Decay 1772 / 2 = 886 => 89.837 %
1.04 pmC * 89.837 / 100 = 0.935 pmC
82.727 - 0.935 = 81.792 pmC
81.792 pmC / 19.294 pmC = 4.239 times as fast.
Conclusions:
- assuming a halflife of 11460 years and a C14 level still rising will not make the production at present exceed normal so much as to counterbalance the diluting influence presumed by CO2 emissions if entirely fossil;
- it will make the rise from Flood level to Troy level somewhat less radical, 4.239 rather than 5.124 times the normal production;
- it could arguably be disproven by, 72 years after 1950, showing samples from then preserved to now have 99.133 % and not 99.565 % of the original level**, as ascertained back then from comparable samples.
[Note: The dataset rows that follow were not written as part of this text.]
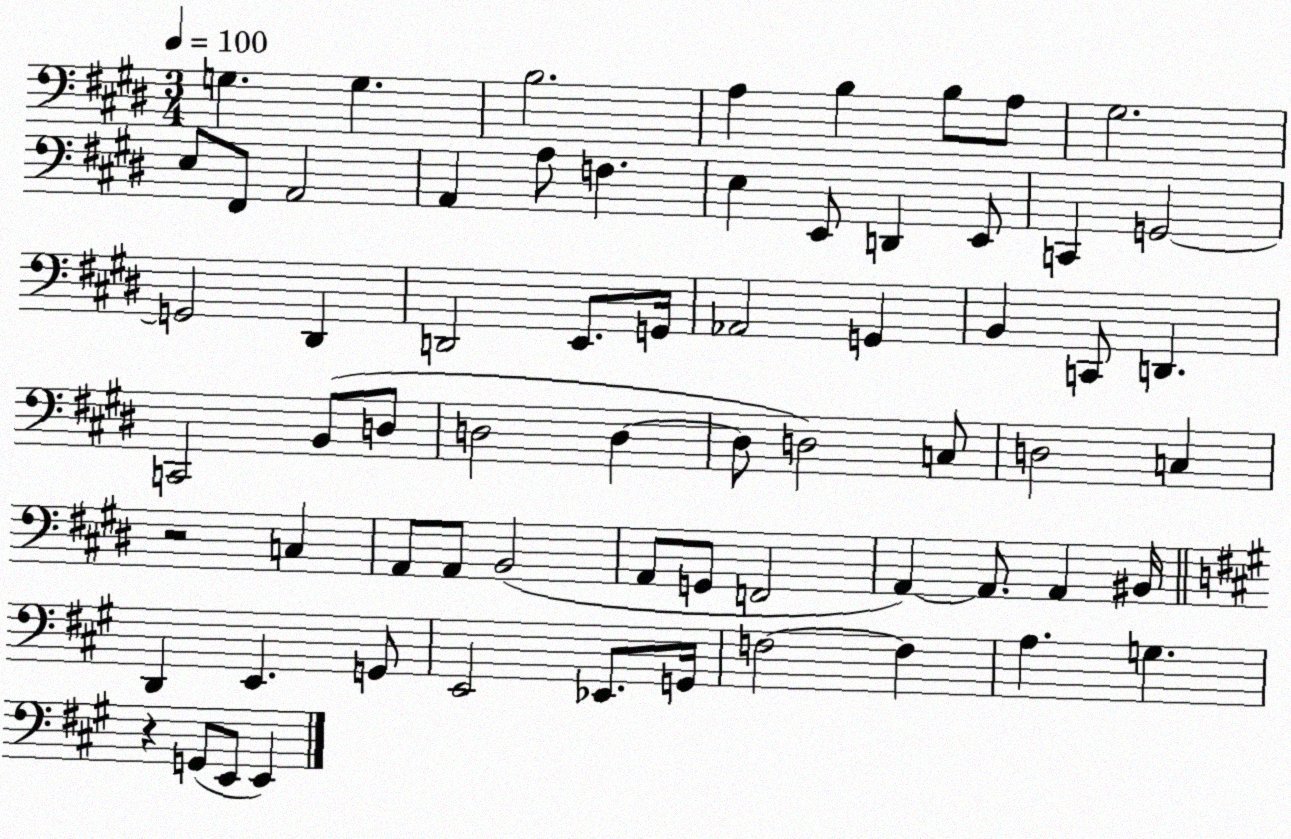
X:1
T:Untitled
M:3/4
L:1/4
K:E
G, G, B,2 A, B, B,/2 A,/2 ^G,2 E,/2 ^F,,/2 A,,2 A,, A,/2 F, E, E,,/2 D,, E,,/2 C,, G,,2 G,,2 ^D,, D,,2 E,,/2 G,,/4 _A,,2 G,, B,, C,,/2 D,, C,,2 B,,/2 D,/2 D,2 D, D,/2 D,2 C,/2 D,2 C, z2 C, A,,/2 A,,/2 B,,2 A,,/2 G,,/2 F,,2 A,, A,,/2 A,, ^B,,/4 D,, E,, G,,/2 E,,2 _E,,/2 G,,/4 F,2 F, A, G, z G,,/2 E,,/2 E,,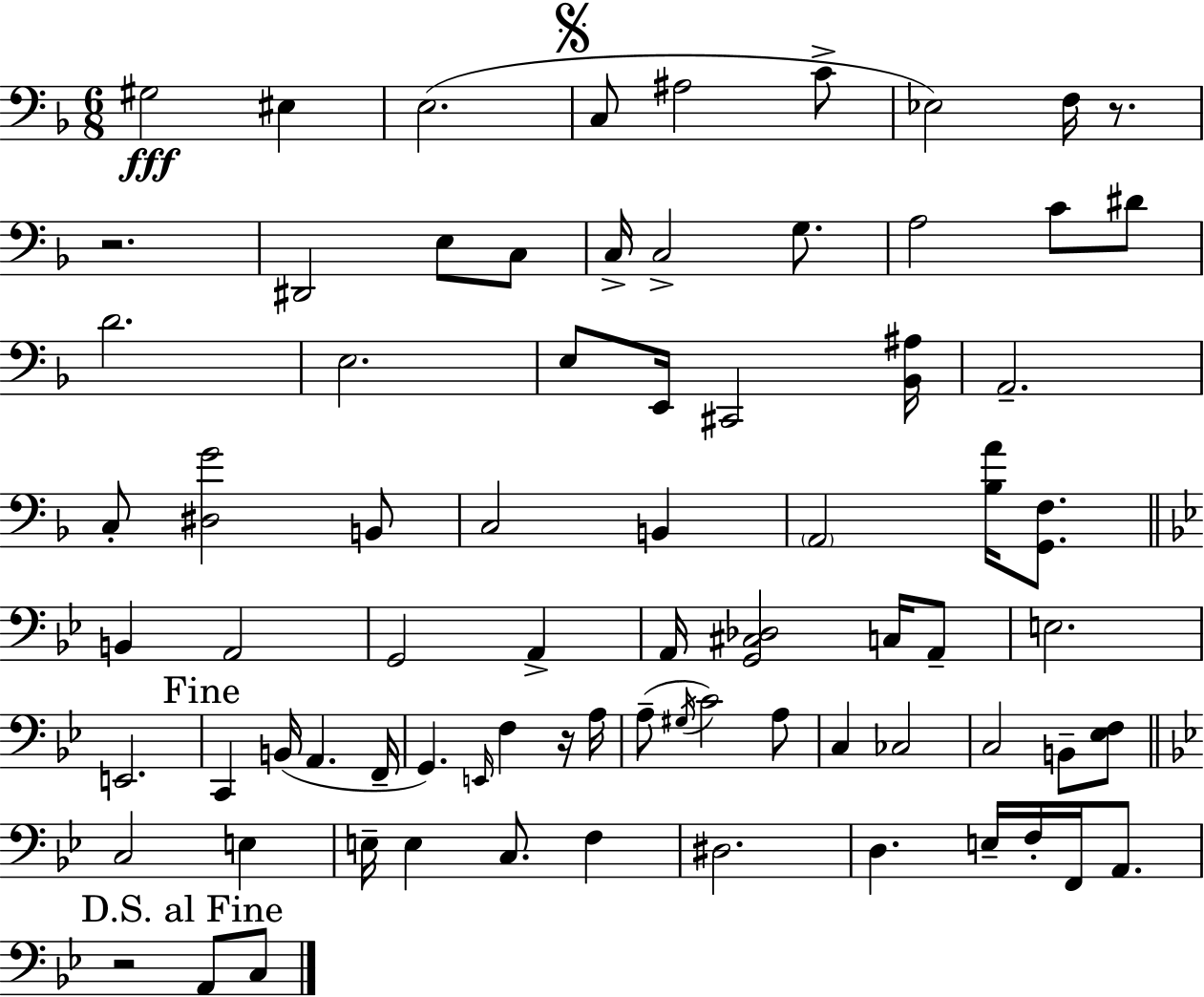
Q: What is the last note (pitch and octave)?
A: C3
The former being the decay for 72 years, the latter for 36 years as per assuming twice the length of the halflife.
Hans Georg Lundahl
Paris
St. John Bosco
31.I.2022
* Minze Stuiver and Bernd Becker, sorry!
** Note, I said of original level, not of 100 pmC, since the general carbon level in 1950 was not 100 pmC pre-industrial levels.